> Exercise prompt
The entries are to be written out word for word, with their images left out.
*** Begin section ***
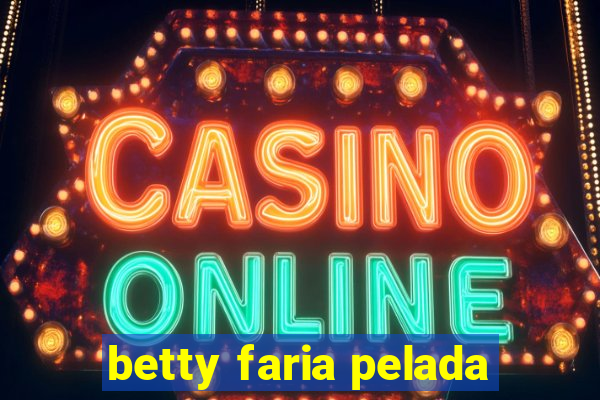 betty faria pelada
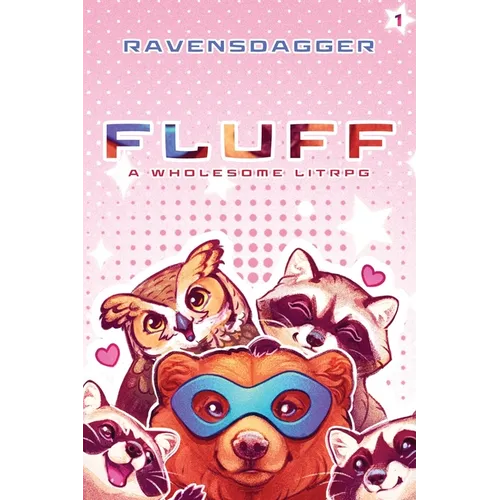 Fluff: A Wholesome LitRPG
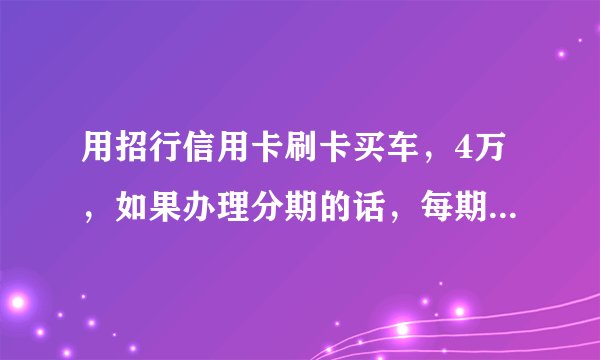 用招行信用卡刷卡买车，4万，如果办理分期的话，每期要还多少钱？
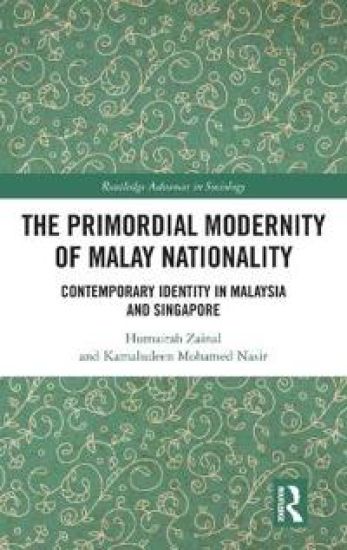 The Primordial Modernity of Malay Nationality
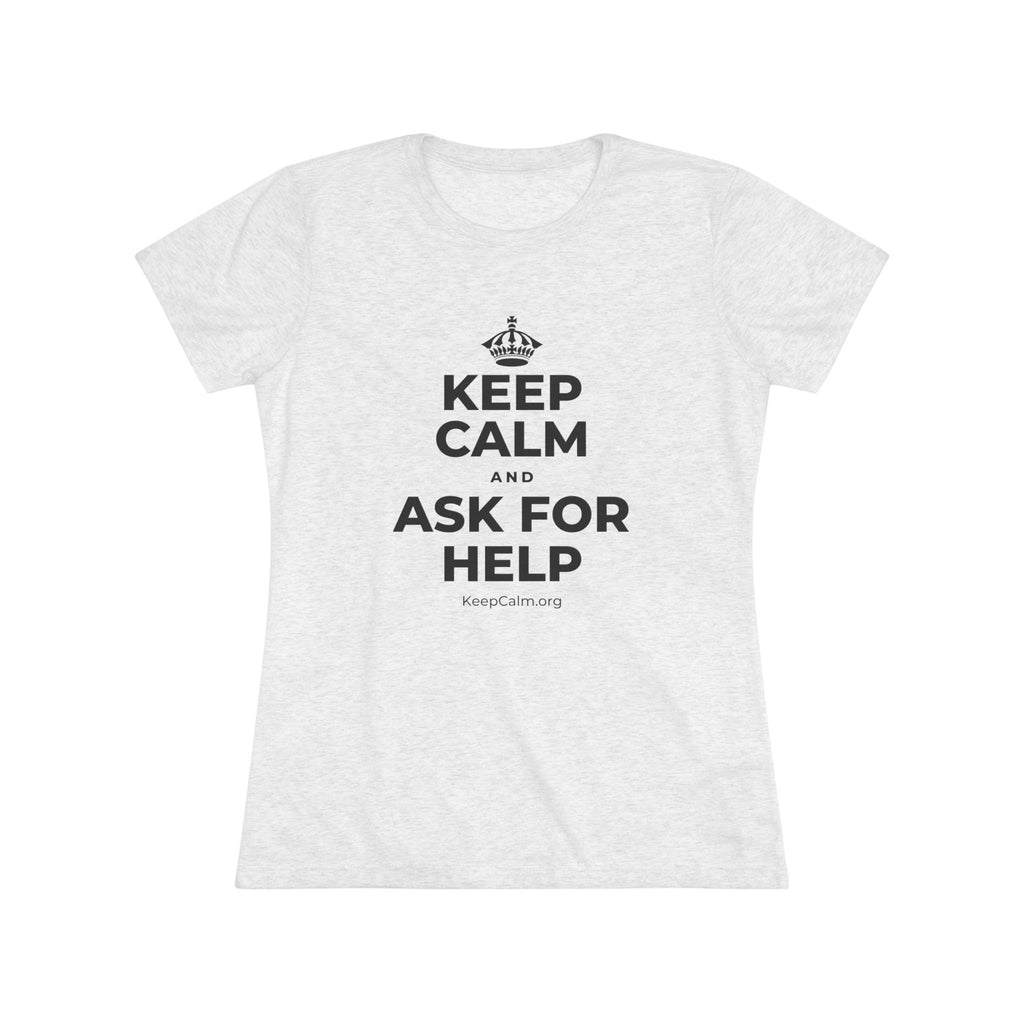 KEEP CALM AND ASK FOR HELP Women's Tri-Blend Tee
*** End section ***
> Exercise solution
 betty faria pelada
 Fluff: A Wholesome LitRPG
 用招行信用卡刷卡买车，4万，如果办理分期的话，每期要还多少钱？
 The Primordial Modernity of Malay Nationality
 KEEP CALM AND ASK FOR HELP Women's Tri-Blend Tee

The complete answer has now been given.